» **What you will do**
Once the line with "Peep the new prescriptions cuh." is found, return it along with every line after it, exactly, through the end of the material.

» **Provided material**
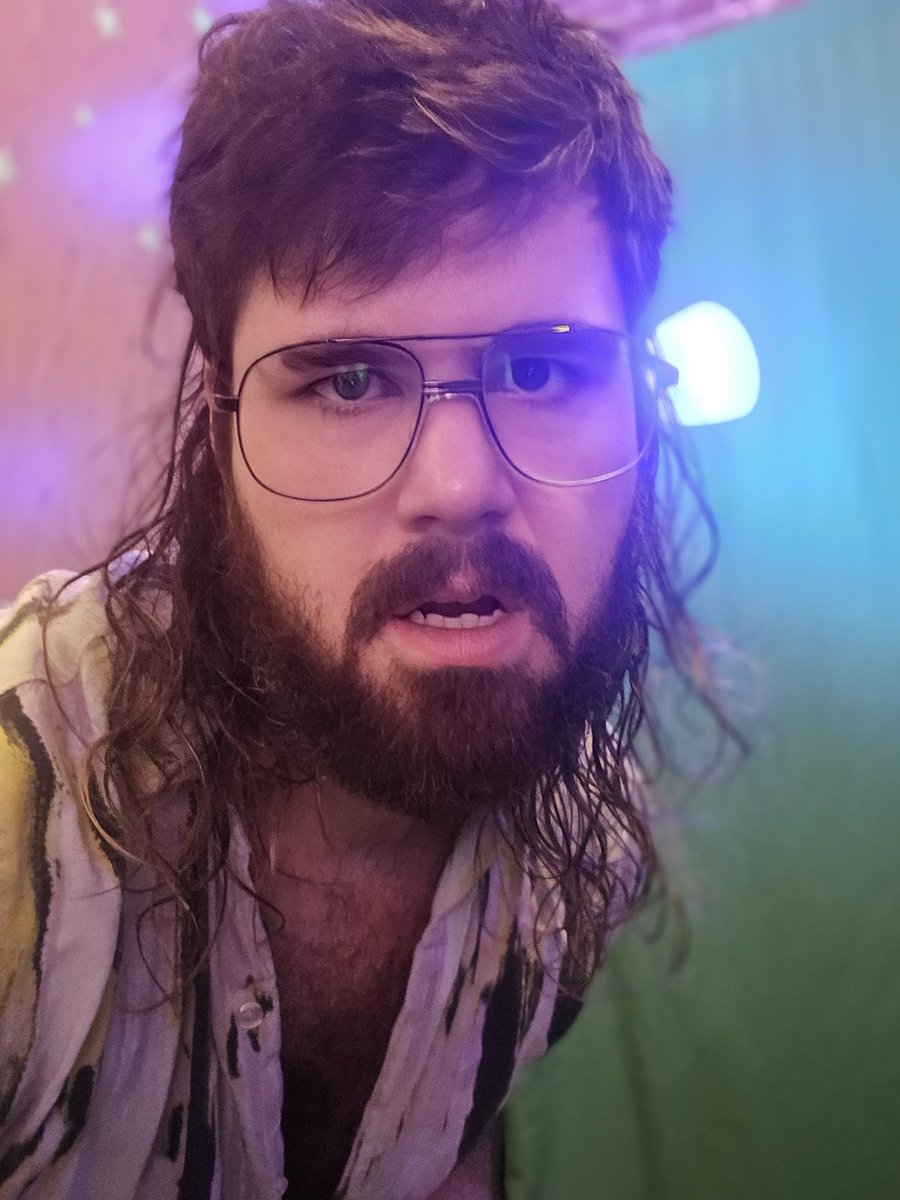 V2Lonnie's tweet image. Apparently I've been blind my whole life.
Peep the new prescriptions cuh.
These glasses scream:
"im great at video games, watch out! Or I'll get ya!"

» **Completed task**
Peep the new prescriptions cuh.
These glasses scream:
"im great at video games, watch out! Or I'll get ya!"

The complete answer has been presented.